> [Source material]:
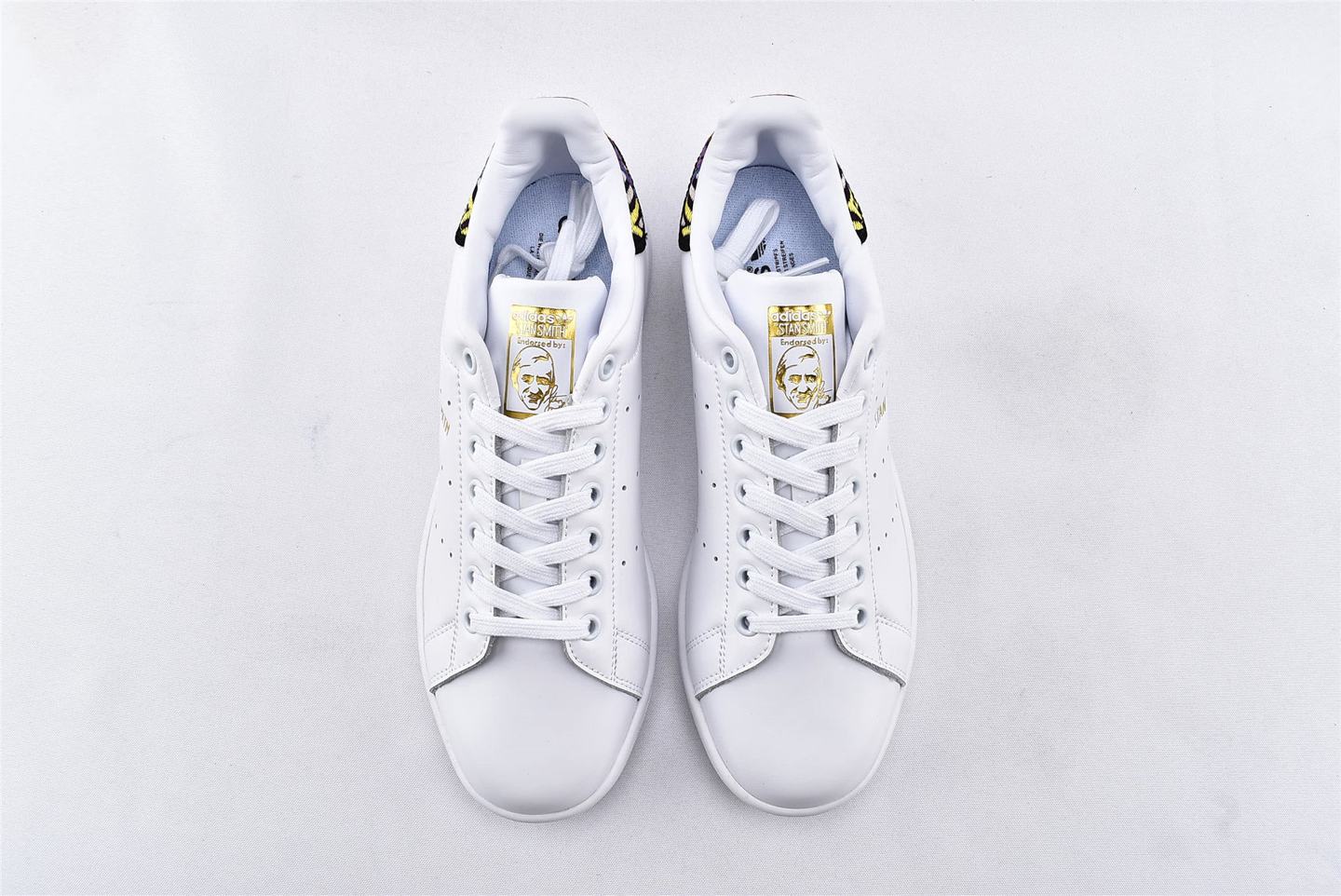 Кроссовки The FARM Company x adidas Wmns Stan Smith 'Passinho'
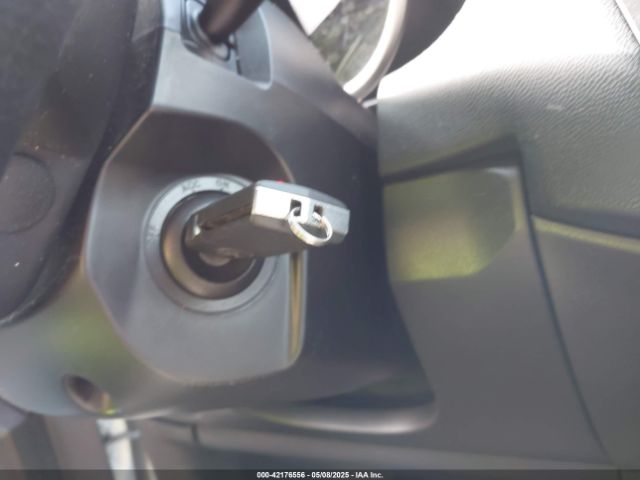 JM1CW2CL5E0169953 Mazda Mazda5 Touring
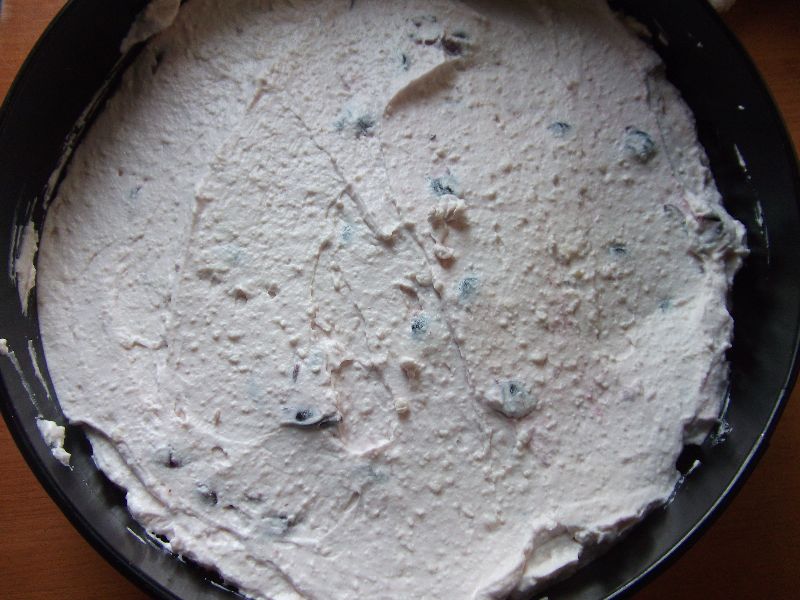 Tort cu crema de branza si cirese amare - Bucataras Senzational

> [Exercise]: To complete the exercise, return the listing above exactly and omit its pictures.

> [Response to this task]:
 Кроссовки The FARM Company x adidas Wmns Stan Smith 'Passinho'
 JM1CW2CL5E0169953 Mazda Mazda5 Touring
 Tort cu crema de branza si cirese amare - Bucataras Senzational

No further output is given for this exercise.